Last weekend, I joined in with a webinar lead by Anthony Gaughan and organised by IATEFL. It was a great session but targeted specifically at EFL teachers and some of the activities suggested would have presented too great a challenge to allow for meaningful input and prevent demotivation. I still think that just READING a text / group of texts at the initial stages of learning new vocabulary or structures is key. Giving the target language for the lesson to them in context, over and over again, without necessarily taxing them further, to allow them to begin to absorb it is, in my opinion, a good way to lay foundations. What can we then do with texts to spice things up a little? A few years ago, the Head of English in my school ran a CPD session around literacy for learning and using texts; lots of the ideas he provided were very applicable to MFL teaching. I think these would work best once the target input has already been encounteredi n a mores straightforward way. Here they are:
- Teach critical reading skills using images. Giving an image and asking students to predict, infer, guess, imagine or connect to prior learning can act as a great pre-cursor to reading a text, where the same skills can be brought into play. Use of images is especially relevant in MFL now that there is a photocard task in the new GCSE specification.

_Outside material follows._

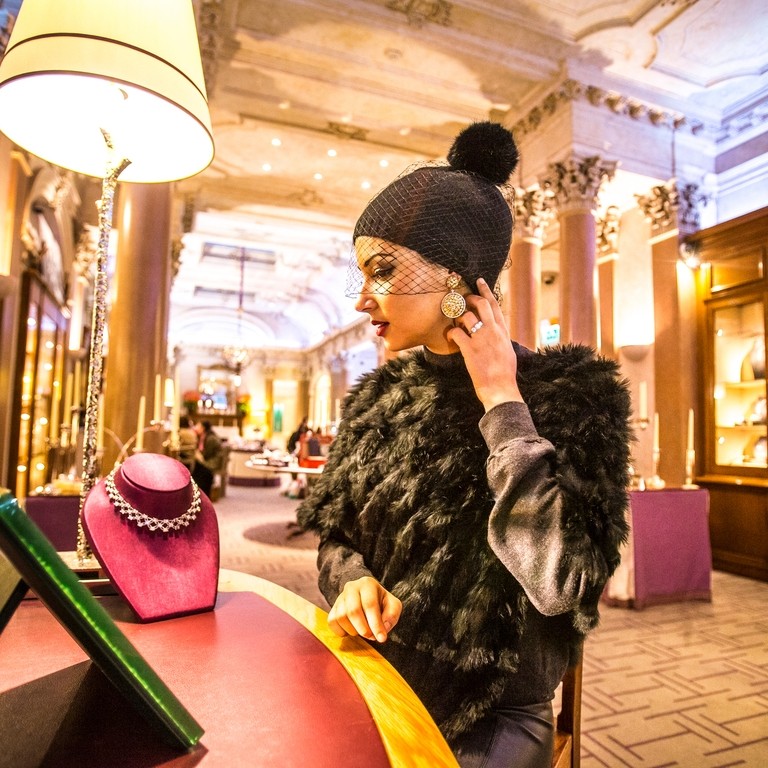 Hamilton & Inches, Warrant Holders to Her Majesty the Queen, are Scotland's leading jewellery and luxury goods store. A young Arabic woman shopping.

- Slow-release: give the first line or two of a text and ask students to predict. They could suggest what vocabulary will appear in the rest of the text, continue a sentence or write the next sentence.
- Using IWB, display only one line / part of a line of a text, with the rest covered. Ask students what they think comes before / after.
- Use the spotlight tool on the IWB to highlight a section of the text and ask students to use their predictive / inference skills as above. Done judiciously, this could be a good introduction to a topic: what do they think they will learn about, based on what they can see of the text? What topic area does it cover? What vocabulary do they already know?
- Cloze – we all know this one!
- Sequencing parts of the text. You could also ask students to sequence pictures, based on a text they have already read. This could work well with tenses or time adverbials.
- Take a text and alphabetise it. Students could work out what they think it is about, pick out all the words to do with “x”, pick out all the verbs etc. Lots of potential here.
- Highlighting, annotating, underlining, circling etc – a great skill for exams.
- Distilling – coming up with a one-word / sentence caption for a picture / text or writing / choosing headlines for different paragraphs of a text.
- Display a text on IWB – ask students what they think is the most important word in the text, or the most interesting / difficult / recently learned etc.
- Visualising (this is more of a listening one but you could display the text as well) – students sketch the text as it is read to them.
- “Physicalising” (another more listening-based one) – students work in pairs; one reads the text and the other acts out what they hear.